[Start of Attachment]

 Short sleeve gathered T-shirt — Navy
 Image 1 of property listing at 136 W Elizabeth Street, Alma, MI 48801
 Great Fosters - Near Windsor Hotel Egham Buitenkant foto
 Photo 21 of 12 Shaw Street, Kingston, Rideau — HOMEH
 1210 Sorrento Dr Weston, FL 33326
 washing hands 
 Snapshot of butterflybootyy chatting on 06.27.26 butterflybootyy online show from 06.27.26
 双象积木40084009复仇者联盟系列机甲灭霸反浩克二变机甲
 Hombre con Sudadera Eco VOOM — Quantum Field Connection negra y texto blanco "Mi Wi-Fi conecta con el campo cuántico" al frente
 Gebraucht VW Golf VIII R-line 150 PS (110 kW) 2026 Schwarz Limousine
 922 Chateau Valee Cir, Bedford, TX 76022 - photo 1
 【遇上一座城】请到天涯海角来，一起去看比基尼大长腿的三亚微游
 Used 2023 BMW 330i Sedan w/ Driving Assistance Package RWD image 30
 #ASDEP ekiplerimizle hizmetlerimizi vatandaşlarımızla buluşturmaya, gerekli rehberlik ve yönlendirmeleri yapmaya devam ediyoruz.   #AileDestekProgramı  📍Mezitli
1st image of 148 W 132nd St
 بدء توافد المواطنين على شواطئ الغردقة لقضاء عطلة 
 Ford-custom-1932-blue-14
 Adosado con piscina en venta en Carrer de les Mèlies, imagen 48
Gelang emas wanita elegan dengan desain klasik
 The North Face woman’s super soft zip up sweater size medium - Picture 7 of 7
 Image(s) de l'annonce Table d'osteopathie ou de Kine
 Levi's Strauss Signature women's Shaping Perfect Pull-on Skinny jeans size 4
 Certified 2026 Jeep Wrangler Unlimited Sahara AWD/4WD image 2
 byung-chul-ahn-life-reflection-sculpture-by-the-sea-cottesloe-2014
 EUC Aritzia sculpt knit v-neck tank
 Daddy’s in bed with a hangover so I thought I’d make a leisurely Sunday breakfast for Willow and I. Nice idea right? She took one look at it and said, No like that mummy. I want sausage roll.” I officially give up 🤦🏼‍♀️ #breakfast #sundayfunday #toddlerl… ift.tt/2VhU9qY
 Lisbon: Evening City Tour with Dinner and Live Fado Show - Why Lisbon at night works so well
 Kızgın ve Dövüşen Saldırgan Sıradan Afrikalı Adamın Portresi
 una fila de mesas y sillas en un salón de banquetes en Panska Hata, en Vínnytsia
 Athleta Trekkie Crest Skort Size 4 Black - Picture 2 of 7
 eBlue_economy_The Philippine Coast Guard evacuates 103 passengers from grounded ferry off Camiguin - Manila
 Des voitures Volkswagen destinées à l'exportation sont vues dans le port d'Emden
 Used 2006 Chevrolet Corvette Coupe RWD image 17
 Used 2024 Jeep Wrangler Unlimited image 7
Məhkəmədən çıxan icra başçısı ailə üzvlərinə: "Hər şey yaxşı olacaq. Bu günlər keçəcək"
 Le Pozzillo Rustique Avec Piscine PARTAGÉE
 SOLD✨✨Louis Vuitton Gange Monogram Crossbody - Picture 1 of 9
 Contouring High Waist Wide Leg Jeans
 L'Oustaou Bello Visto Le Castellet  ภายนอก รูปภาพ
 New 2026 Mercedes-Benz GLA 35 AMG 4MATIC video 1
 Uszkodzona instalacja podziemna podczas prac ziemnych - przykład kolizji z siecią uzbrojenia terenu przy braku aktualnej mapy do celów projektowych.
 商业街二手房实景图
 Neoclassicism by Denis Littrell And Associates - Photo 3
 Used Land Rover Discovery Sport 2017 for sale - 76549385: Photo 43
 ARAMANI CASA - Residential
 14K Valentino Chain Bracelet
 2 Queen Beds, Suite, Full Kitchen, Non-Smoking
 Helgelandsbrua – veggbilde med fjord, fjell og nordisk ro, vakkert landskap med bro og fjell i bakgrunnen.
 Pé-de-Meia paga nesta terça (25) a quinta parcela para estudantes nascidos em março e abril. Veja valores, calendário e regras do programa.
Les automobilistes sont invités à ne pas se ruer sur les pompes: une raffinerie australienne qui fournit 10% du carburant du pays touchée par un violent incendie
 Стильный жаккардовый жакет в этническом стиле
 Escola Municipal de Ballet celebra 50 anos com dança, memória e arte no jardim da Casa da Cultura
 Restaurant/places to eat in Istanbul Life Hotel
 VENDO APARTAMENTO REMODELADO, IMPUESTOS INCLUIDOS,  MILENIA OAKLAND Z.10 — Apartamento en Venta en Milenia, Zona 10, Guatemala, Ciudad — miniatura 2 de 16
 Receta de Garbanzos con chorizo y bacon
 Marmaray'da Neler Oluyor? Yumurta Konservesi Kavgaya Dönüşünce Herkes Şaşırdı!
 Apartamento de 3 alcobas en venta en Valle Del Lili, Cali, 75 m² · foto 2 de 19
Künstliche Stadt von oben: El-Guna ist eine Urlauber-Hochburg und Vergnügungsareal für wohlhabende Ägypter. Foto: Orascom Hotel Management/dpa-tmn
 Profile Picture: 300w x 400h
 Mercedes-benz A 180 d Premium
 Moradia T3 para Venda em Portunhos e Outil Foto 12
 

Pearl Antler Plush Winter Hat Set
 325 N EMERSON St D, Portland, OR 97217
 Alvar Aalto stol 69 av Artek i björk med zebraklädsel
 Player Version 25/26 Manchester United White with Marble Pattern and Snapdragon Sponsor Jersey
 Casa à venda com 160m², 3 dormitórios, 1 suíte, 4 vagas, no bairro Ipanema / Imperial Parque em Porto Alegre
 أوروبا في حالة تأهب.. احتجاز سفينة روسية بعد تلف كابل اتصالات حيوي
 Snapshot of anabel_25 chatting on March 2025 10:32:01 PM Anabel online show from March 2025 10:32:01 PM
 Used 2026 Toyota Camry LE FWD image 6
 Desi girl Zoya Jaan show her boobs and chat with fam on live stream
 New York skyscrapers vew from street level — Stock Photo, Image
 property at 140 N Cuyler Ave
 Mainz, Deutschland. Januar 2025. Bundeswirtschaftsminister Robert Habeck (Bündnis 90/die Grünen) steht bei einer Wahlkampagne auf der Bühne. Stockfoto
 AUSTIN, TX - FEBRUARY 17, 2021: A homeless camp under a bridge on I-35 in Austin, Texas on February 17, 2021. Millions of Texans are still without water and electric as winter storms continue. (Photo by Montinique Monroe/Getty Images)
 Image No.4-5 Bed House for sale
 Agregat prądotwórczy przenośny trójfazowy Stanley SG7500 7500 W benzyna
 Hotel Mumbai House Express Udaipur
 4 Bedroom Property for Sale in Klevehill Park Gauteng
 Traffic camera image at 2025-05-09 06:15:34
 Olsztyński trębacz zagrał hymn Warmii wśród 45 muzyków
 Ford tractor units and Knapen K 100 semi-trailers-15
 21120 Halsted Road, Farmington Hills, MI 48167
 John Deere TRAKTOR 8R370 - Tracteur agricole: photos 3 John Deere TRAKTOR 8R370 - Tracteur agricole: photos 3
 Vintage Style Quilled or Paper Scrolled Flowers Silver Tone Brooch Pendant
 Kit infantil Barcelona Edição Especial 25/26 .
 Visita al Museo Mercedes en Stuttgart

[End of Attachment]

#### [Work to be completed]
Your answer should consist of each line above in which "para" appears.

#### [Answer]
 Pé-de-Meia paga nesta terça (25) a quinta parcela para estudantes nascidos em março e abril. Veja valores, calendário e regras do programa.
 Moradia T3 para Venda em Portunhos e Outil Foto 12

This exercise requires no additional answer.